Quelques siècles plus tard, l'arrivée des Celtes donna naissance à un peuple celto-ligure « très nombreux » selon Polybe, belliqueux mais néanmoins civilisé et commerçant, dont César vanta la bravoure : les Ésubiens[4][5],[6]. L'ouvrage Histoire des Gaules place aussi les Ésubiens dans la vallée de l'Ubaye[7].
Au IIIe siècle av. J.-C., les Esubiens se confédérèrent avec leurs voisins des Alpes du Sud, donnant naissance à une confédération d'une douzaine de tribus.

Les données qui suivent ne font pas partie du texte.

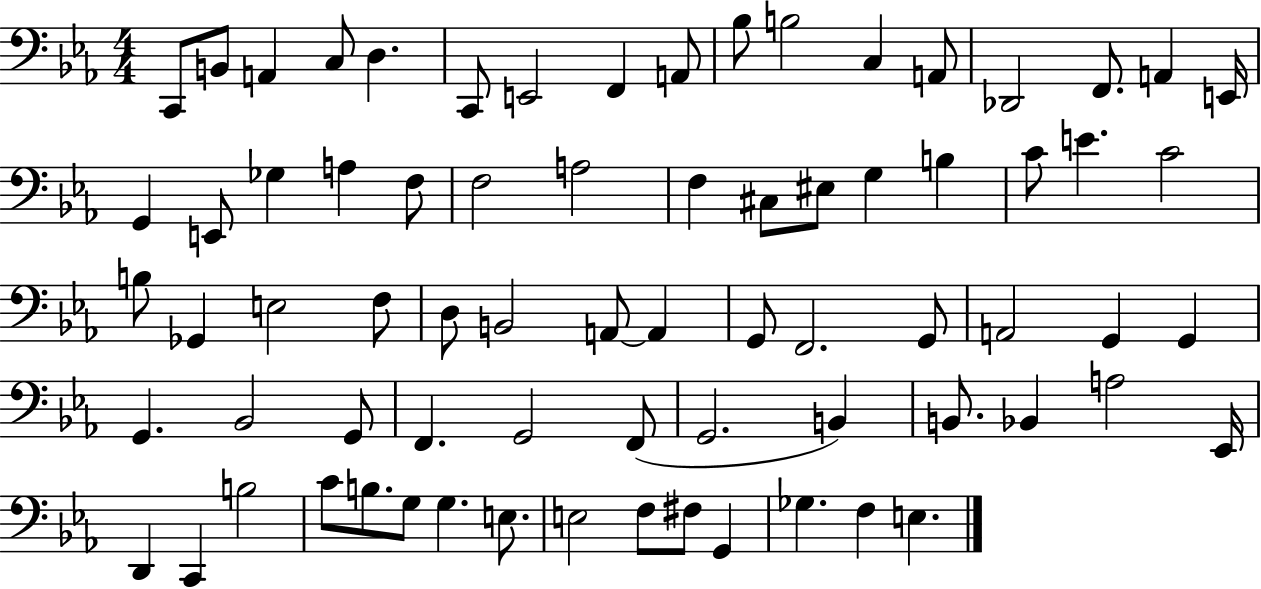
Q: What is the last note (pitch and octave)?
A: E3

D'après certains auteurs anciens, comme le marquis de Saint-Simon ou Aymar du Rivail, ce fut dans la vallée de l'Ubaye que se fit le passage des Alpes par Hannibal, au col du Longet ou au col de Larche. Il existe par ailleurs, près du col de la Bonette, un lieu-dit de la « Pierre d'Hannibal ». D'après Paul Azan, les Ésubiens auraient fait partie des peuplades alpines s'étant alliées avec Hannibal contre Rome[8]. Cependant, ces hypothèses sont rejetées par les historiens modernes[3][9].

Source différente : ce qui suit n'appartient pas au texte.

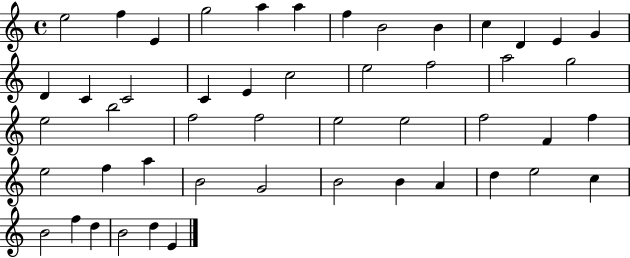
X:1
T:Untitled
M:4/4
L:1/4
K:C
e2 f E g2 a a f B2 B c D E G D C C2 C E c2 e2 f2 a2 g2 e2 b2 f2 f2 e2 e2 f2 F f e2 f a B2 G2 B2 B A d e2 c B2 f d B2 d E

En 58 av. J.-C., les Esubiens firent partie de l'alliance qui tenta d'empêcher César de franchir les Alpes au col du Montgenèvre. Les Romains furent vainqueur grâce à l'appui de Donnus, un roitelet ligure romanisé allié de Rome, qui régnait sur un petit royaume dans l'actuelle partie italienne des Alpes du Sud et qui avait Segusio (Suse) pour capitale. En récompense, César agrandit le royaume de Donnus de la vallée de la Haute-Durance et de la vallée de l'Ubaye (appelée Vallis Montium par les Romains, la « vallée des Monts »), signant la fin de l'indépendance ésubienne[10].

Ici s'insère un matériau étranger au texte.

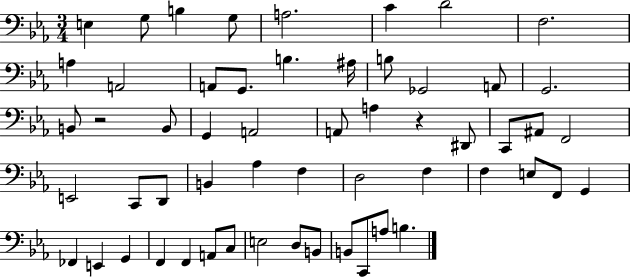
X:1
T:Untitled
M:3/4
L:1/4
K:Eb
E, G,/2 B, G,/2 A,2 C D2 F,2 A, A,,2 A,,/2 G,,/2 B, ^A,/4 B,/2 _G,,2 A,,/2 G,,2 B,,/2 z2 B,,/2 G,, A,,2 A,,/2 A, z ^D,,/2 C,,/2 ^A,,/2 F,,2 E,,2 C,,/2 D,,/2 B,, _A, F, D,2 F, F, E,/2 F,,/2 G,, _F,, E,, G,, F,, F,, A,,/2 C,/2 E,2 D,/2 B,,/2 B,,/2 C,,/2 A,/2 B,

À la mort de Donnus en 44 av. J.-C., la vallée de l'Ubaye passa donc à son fils, Marcus Julius Cottius. En 14 av. J.-C., ce dernier se révolta contre Auguste, puis voyant qu'il ne pouvait vaincre, capitula. Son royaume fut intégré à l'Empire romain et divisé en deux provinces. La vallée de l'Ubaye, maintenant terre romaine, fut intégré à une petite province ayant l'actuelle Embrun pour capitale et gouverné par un certain Albanus Bassulus. Peu après, cette petite province fut intégrée à la Gaule narbonnaise[11]. En 36 apr. J.-C., la vallée fut intégrée par Néron dans la province des Alpes Cottiennes.
L'archéologie confirme l'implantation romaine dans la commune de Faucon-de-Barcelonnette (présence de tombeaux et autres vestiges)[12]. Par ailleurs, une voie romaine reliant l'Italie à Gap traversait la vallée, passant par le col de Larche. Par ailleurs, il est possible qu'un camp militaire romain ait été installé près de l'actuel village de Tournoux, hameau aval de Saint-Paul. D'ailleurs, le nom de ce hameau proviendrait de Turnus, un général romain, ou alors d'après d'autres sources du mot "Turris Nova", ce qui pourrait confirmer une implantation militaire[13].
Après cela, la vallée de l'Ubaye se dépeupla de ses habitants originels, se couvrant petit à petit d'épaisses et sombres forêts de mélèzes, si bien que plus tard, durant le Haut Moyen Âge, elle fut nommée Vallis Nigra : la Vallée Noire. Seuls quelques petits villages et hameaux restaient, dispersés[14].
Au IIIe siècle, saint Pons débuta l'évangélisation de la vallée, suivi au IVe siècle par saint Domnin et saint Vincent[13]. Elle fut rattachée au diocèse d'Embrun, et cela jusqu'à la Révolution.
Moyen Âge
Haut Moyen Âge
Après la chute de l'Empire romain, la vallée de l'Ubaye passa aux Wisigoths en 476, puis aux Ostrogoths en 509, puis aux Francs en 539. Elle fit donc partie de l'empire de Charlemagne, pour ensuite appartenir à la Francie médiane, puis au royaume de Bourgogne en 855, avant de devenir possession du royaume d'Italie en 863[13].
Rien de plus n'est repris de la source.